Task item: Once you find the line below that contains "美女家务事 假如收作业像催债一样，老师使出绝招，大家只能乖乖交作业！", write it out along with every later line exactly as given, stopping only when the records end. Omit the pictures.

Records for the exercise:
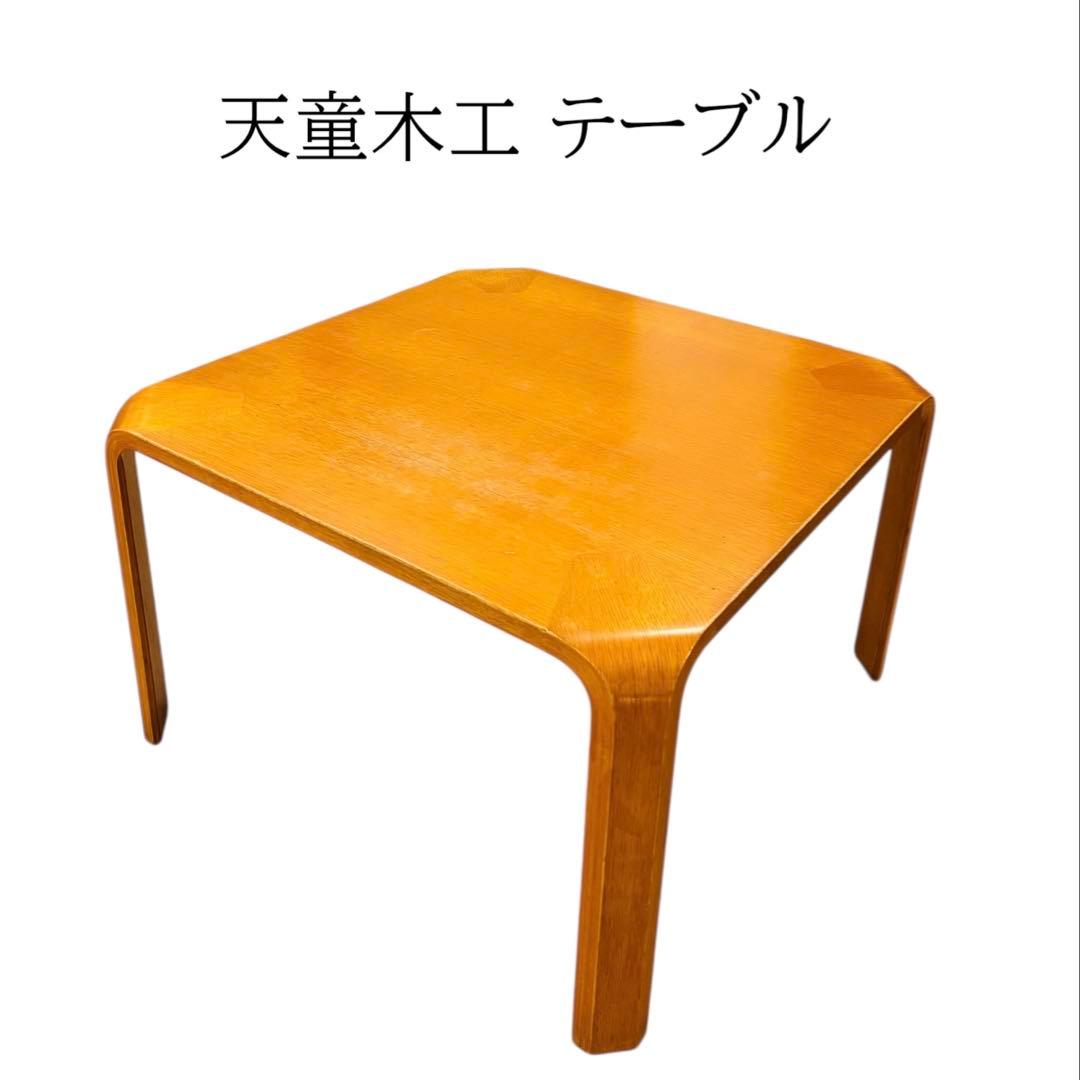 天童木工 テーブル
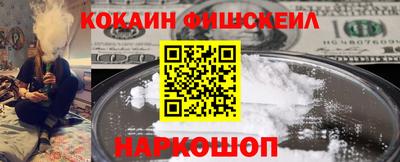 ешки Ипатово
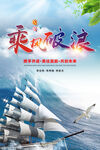 乘风破浪海报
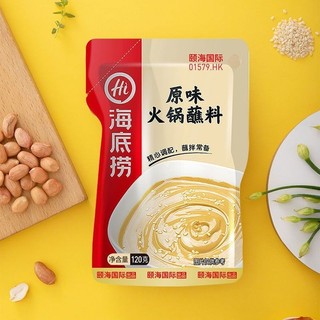 Sốt chấm lẩu Haidiliao 120g-Sốt đậu phộng haidiliao-Sốt chấm đồ nướng haidiliao tê cay- Sốt chấm hải đế liệu thơm ngon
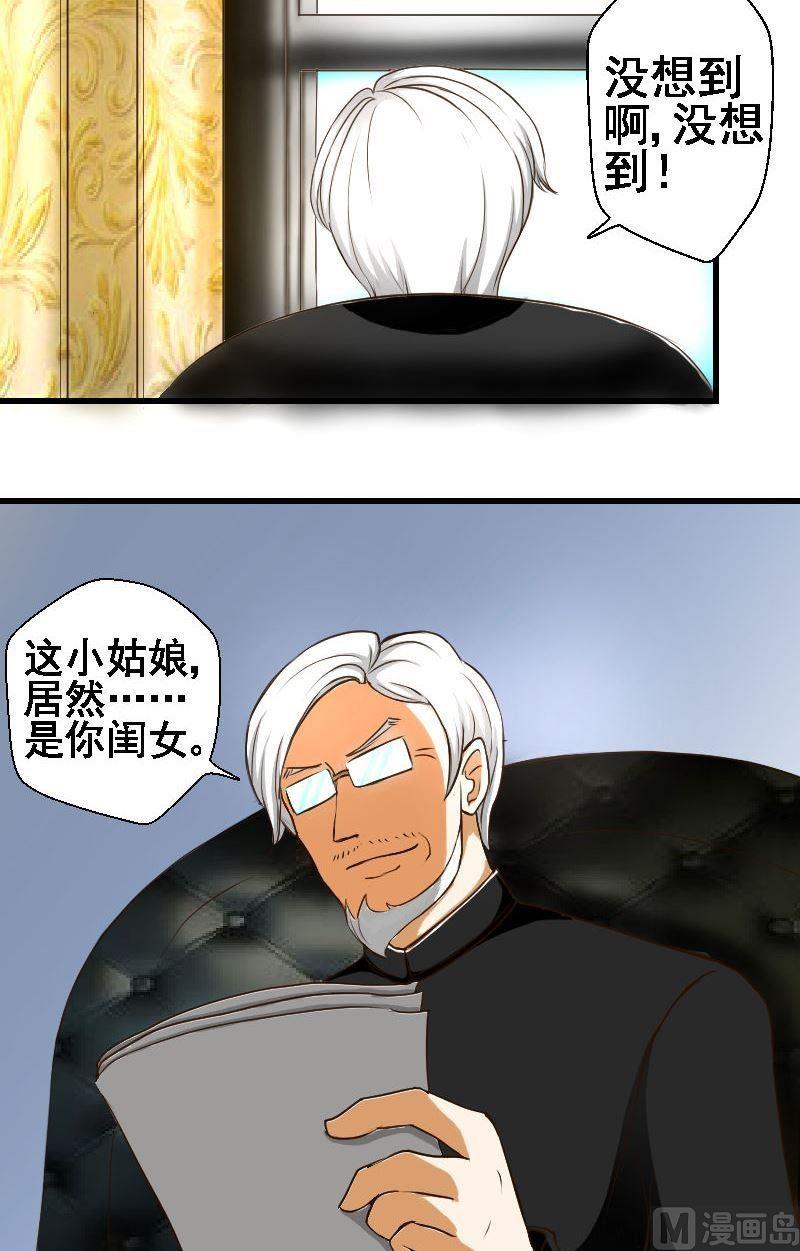 第32话原谅与身份-第32话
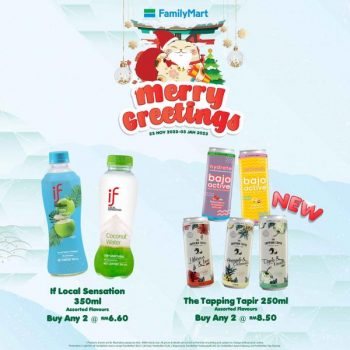 FamilyMart-Christmas-Promotion-22-350x350 - Johor Kedah Kelantan Kuala Lumpur Melaka Negeri Sembilan Pahang Penang Perak Perlis Promotions & Freebies Putrajaya Sabah Sarawak Selangor Supermarket & Hypermarket Terengganu 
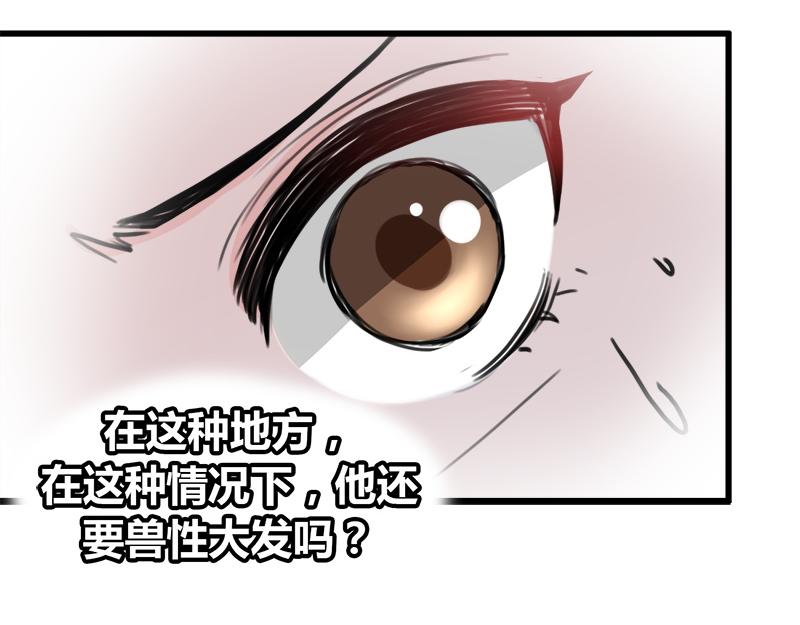 第12话(1/2)-第12话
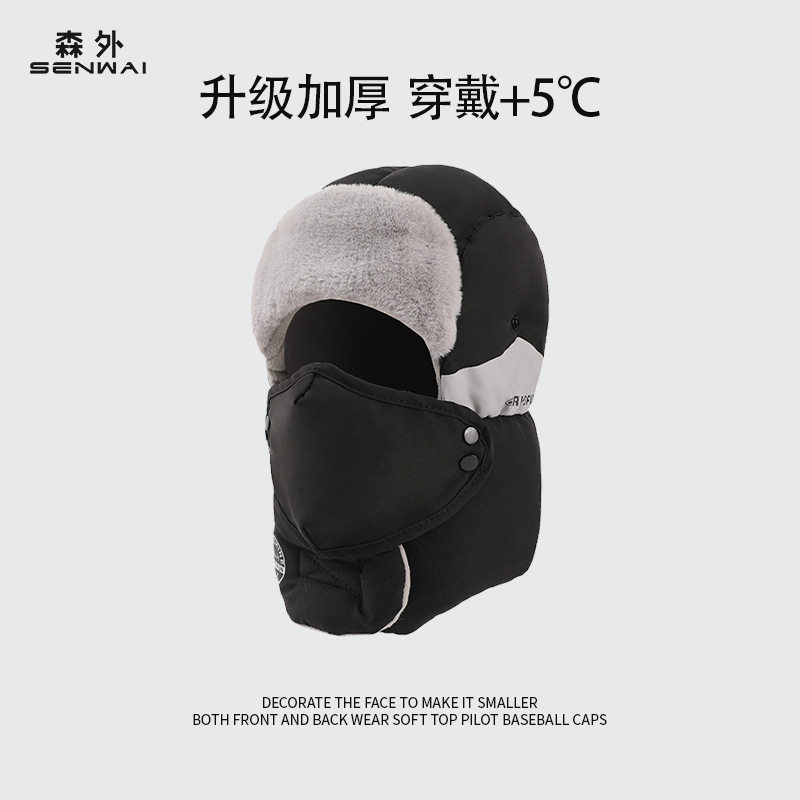帽子男士冬季防风护耳户外雷锋帽男款东北防寒加绒加厚棉帽女面罩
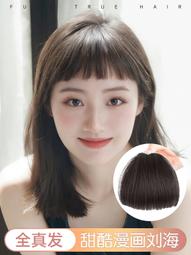 閃格吹風機家用負離子護髮大風力宿舍學生髪廊專用冷熱不傷發筒 歷史價格詳細信息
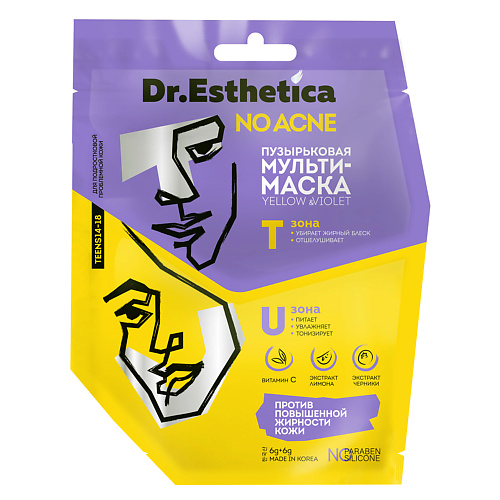 Маска для лица DR. ESTHETICA NO ACNE TEENS Пузырьковая мульти-маска YELLOW&VIOLET крем актив для лица dr esthetica no acne teens 50 мл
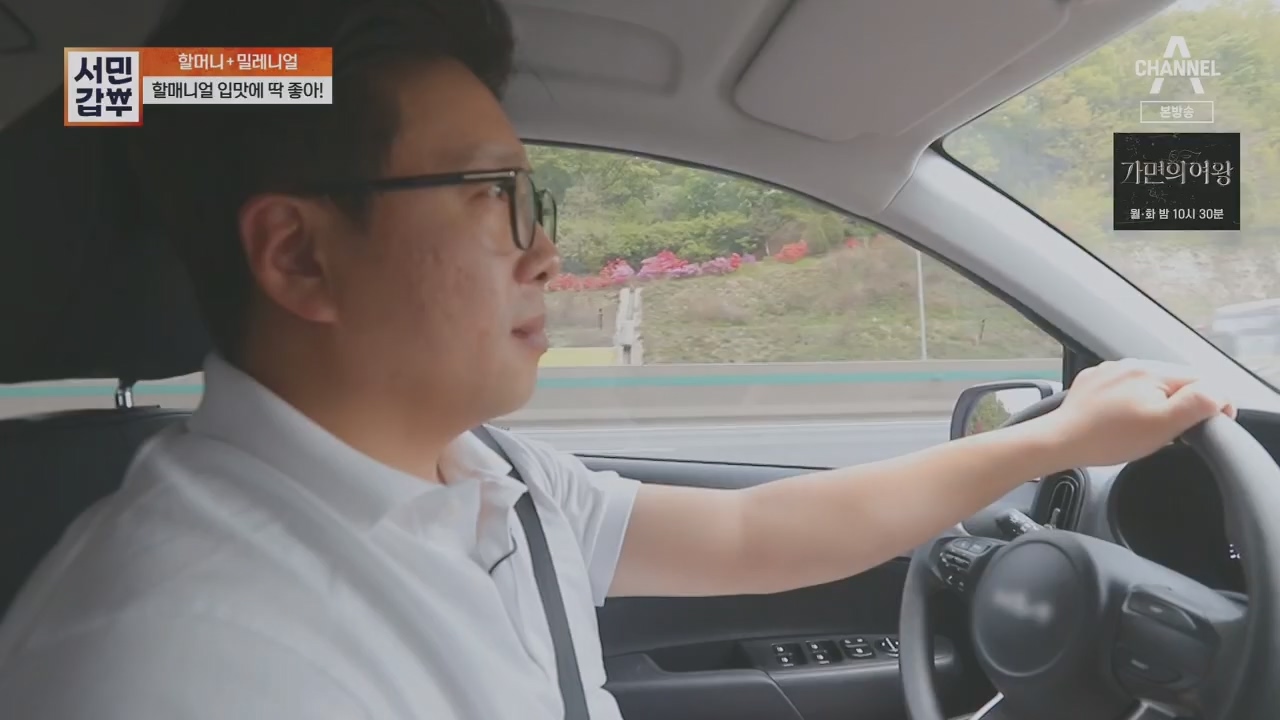 서민갑부.E437.230528p.H264-F1RST.mp4_20230528_154723.425.jpg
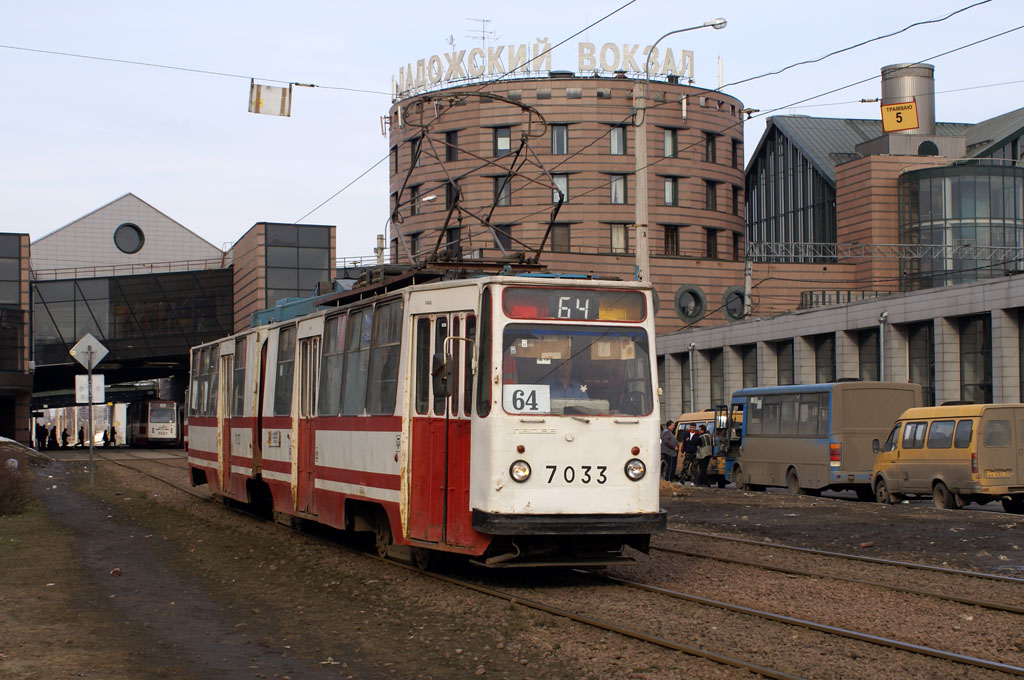 Санкт-Петербург, ЛВС-86К № 7033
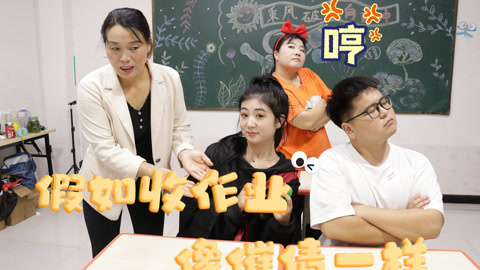 美女家务事 假如收作业像催债一样，老师使出绝招，大家只能乖乖交作业！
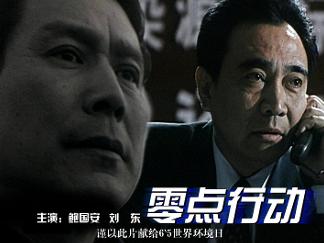 电影剧照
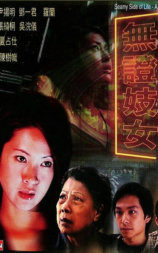 黑暗时代之无证妓女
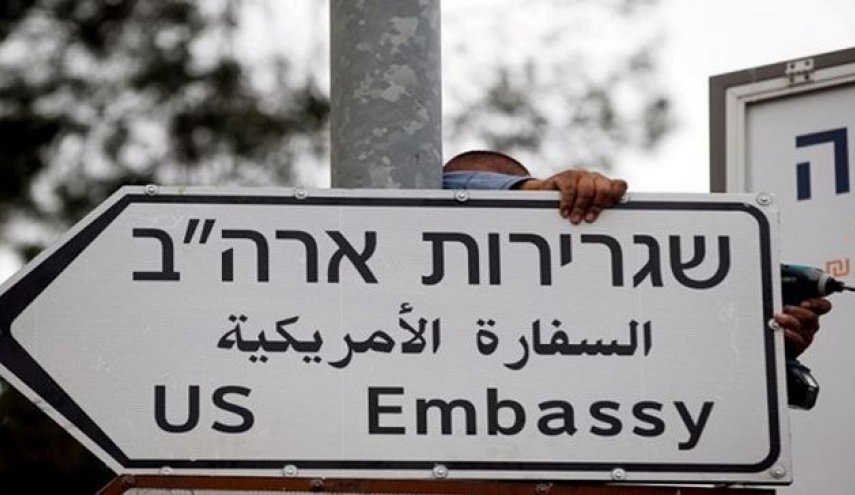 هشدار آمریکا درباره سفر به فلسطین اشغالی بعد از بیانیه درباره شهرک‌سازی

Answer:
 美女家务事 假如收作业像催债一样，老师使出绝招，大家只能乖乖交作业！
 电影剧照
 黑暗时代之无证妓女
 هشدار آمریکا درباره سفر به فلسطین اشغالی بعد از بیانیه درباره شهرک‌سازی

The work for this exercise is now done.